Hülagu Han genci tepeden tırnağa süzer, hiç de beklediği âlim tipine benzetemez. Ve biraz da asabi şekilde; “Bana göndermek için bula bula seni mi buldular. Gönderecek başka birini bulamadılar mı?” diye sorar.

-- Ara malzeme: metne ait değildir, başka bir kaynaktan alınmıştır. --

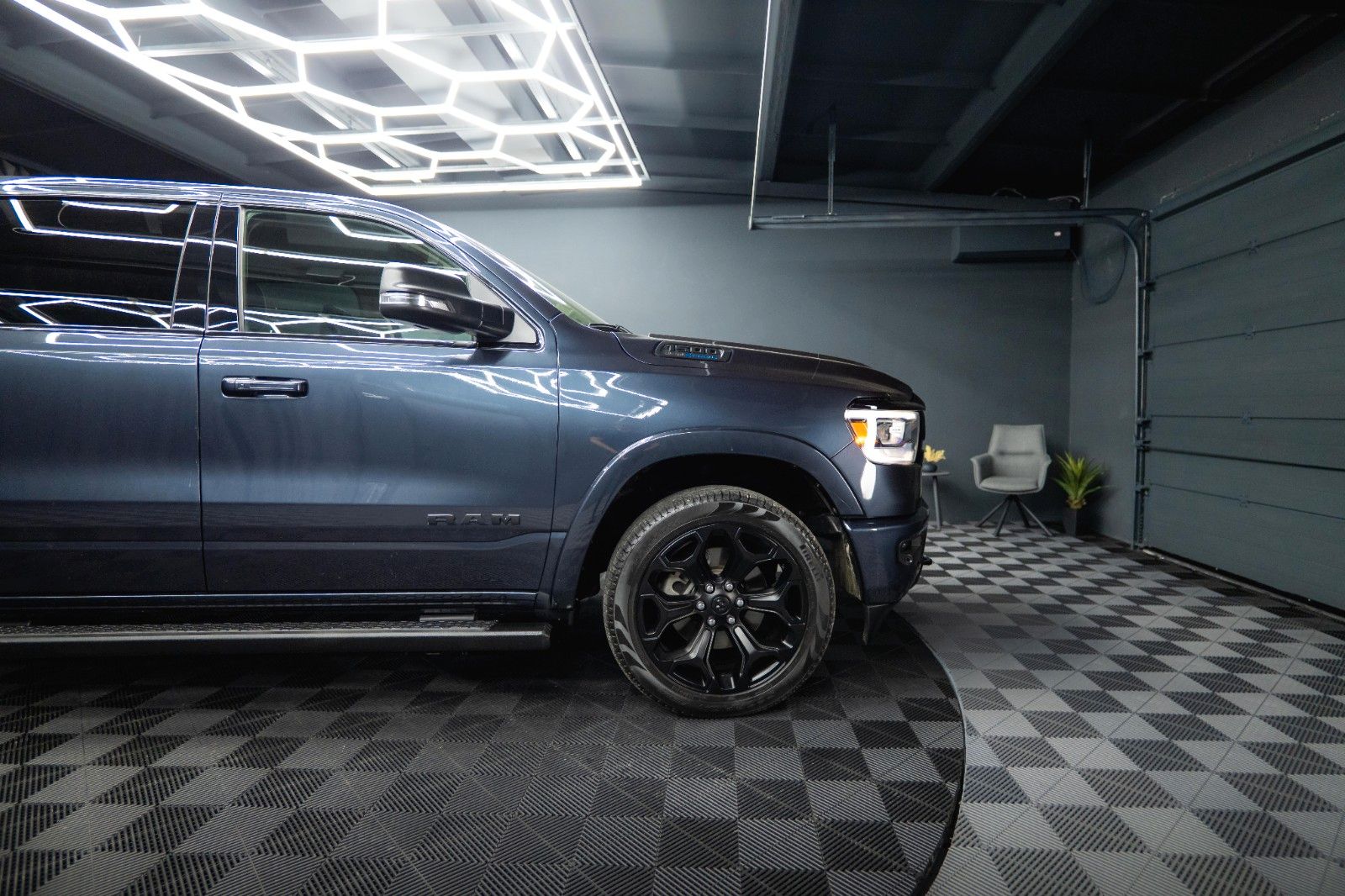 Fahrzeugabbildung Dodge RAM 5.7 V8 HEMI 4x4 NIGHT-Paket LARAMIE 22 Zoll
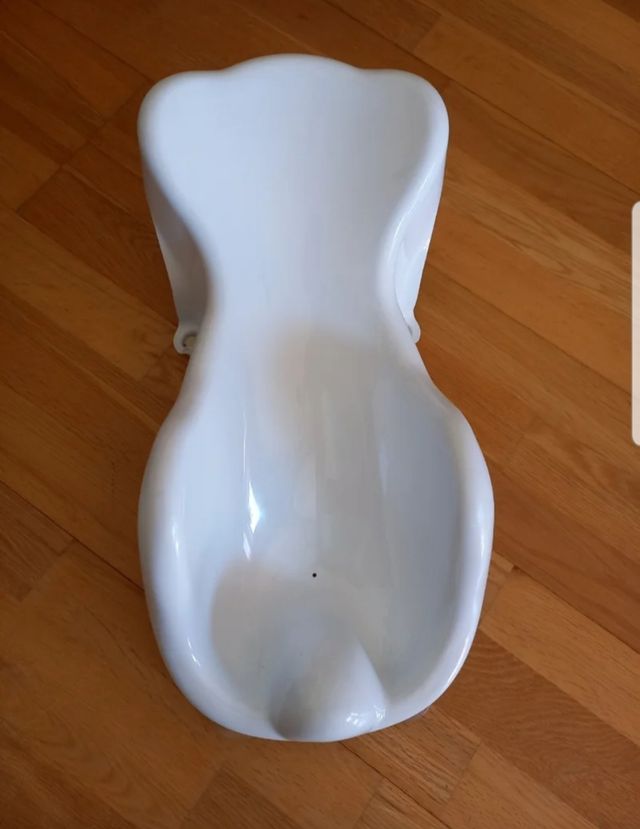 Bañera de bebé con soporte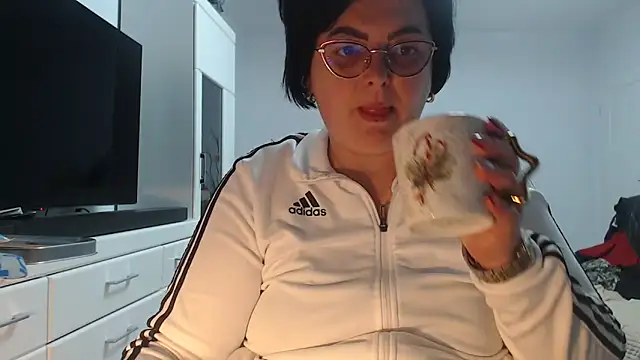 Amandamuller1982 online show from March 25, 10:56 pm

Kadıhan gayet sakin bir şekilde; “görüşmek için iri yarı, boylu poslu birini istiyorsan, bir deve getirdim. Sakallı yaşlı birisi ile görüşmek istiyorsan, bir keçi getirdim. Eğer gür sesli birisiyle görüşmek istiyorsan horoz getirdim. Üçünü de çadırın önüne bıraktım. Onlarla görüşebilirsin!” der.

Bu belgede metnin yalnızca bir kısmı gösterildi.